Completing different types of HOA audits allows you to keep tabs on financials and verify compliance with regulations. With regular audits, checks, and balances, a self-managed HOA can quickly identify dishonest employees and board members. It also enables associations to address any compliance issues before they become a real problem.
Two Types of HOA Audits Every Self-Managed HOA Should Know About
Two typical HOA audits every association should be familiar with are the Financial Audit and Governing Document Audit.
1. Governing Document Audit
A Governing Document Audit should be completed every few years to ensure compliance with the association’s bylaws, articles of incorporation, Covenants, Conditions & Restrictions (CC&Rs), and other state and federal laws.
An audit that can be completed internally by a board committee, and its purpose is to:
- Pinpoint any inconsistencies.
- Help the HOA evolve with the evolving needs of residents.
- Improve the association position with the community.
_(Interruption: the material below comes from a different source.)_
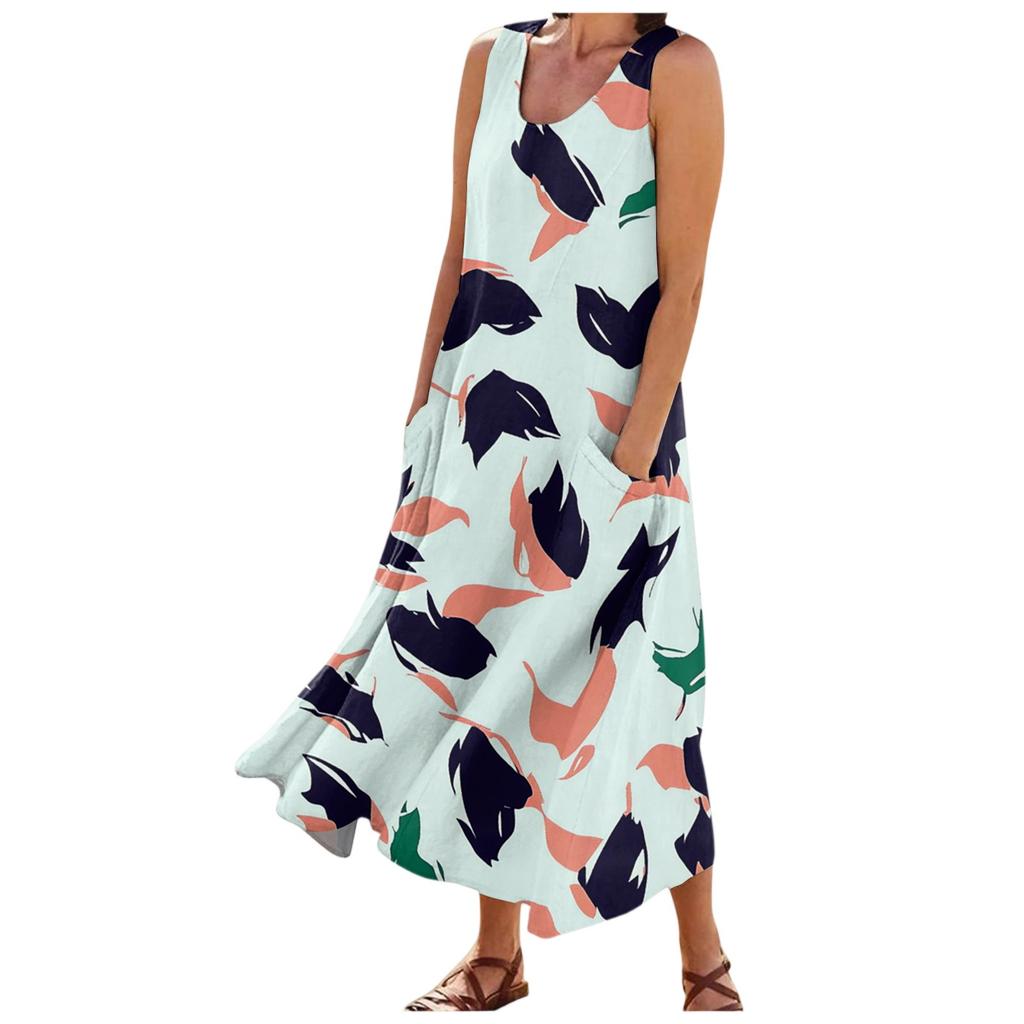 Damenmode Sommer Lässig Ärmellos Floral Bedruckt Kleine Tasche Kleider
- Uncover enforcement issues.
2. Financial Audit
The regularity of Financial Audits depends on the association’s governing documents and state regulations. If neither specifies when your HOA is required to complete one, you’ll still want to bring in an independent, third-party auditor regularly. Depending on the size of the association, you may want to conduct an audit annually, bi-annually, or every four years or so.
The purpose of a Financial Audit is to:
- Check for fraudulent activity.
- Stop minor mistakes from becoming significant issues.
- Ease the minds of association members that the HOA correctly handles finances.
There are Six Levels of Financial HOA Audits
We wrote about six different types of audits in a previous blog post, so we’ll only touch on the levels below to make sure you’re familiar with them.
1. Annual Financials – These are not actually “audits,” but more so reporting completed by the association and board.
2. Compilation – An outside certified public accountant (CPA) reviews the financial reports prepared by the HOA and confirms everything appears to be in order.
3. Review – A CPA more thoroughly reviews the association’s reports to assure correct preparation of financials.
4. Audit – The CPA looks closer at the financial records for errors and other oddities. This level of scrutiny can take upwards of five weeks to complete due to its breadth.
5. Forensic Audit – If there is suspicion or evidence of fraudulent activity, hire a CPA to investigate the financials and identify fraudulent transactions and activities.
6. Reconstruction Audit – A CPA works to reconstruct accounting records when an association does not have proper records.
Simplifying HOA Audits with Management Software
As you can imagine both types of HOA audits mentioned above can be time-consuming and costly. Conducting audits will be easier if you accurately maintain these six annual financial records for your condo or HOA. And when you’re billed hourly by an auditor, easier usually leads to cost savings.
Self-managed HOA software is key to minimizing stresses during auditing. TOPS provides interactive reporting that’s easily customizable and enables you to drill-down into specific vendors and transactions—a feature your CPA will want to use during a forensic audit.
When was the last time your self-managed HOA conducted an HOA audit? If you can’t remember or it’s been more than a couple of years, it’s probably time.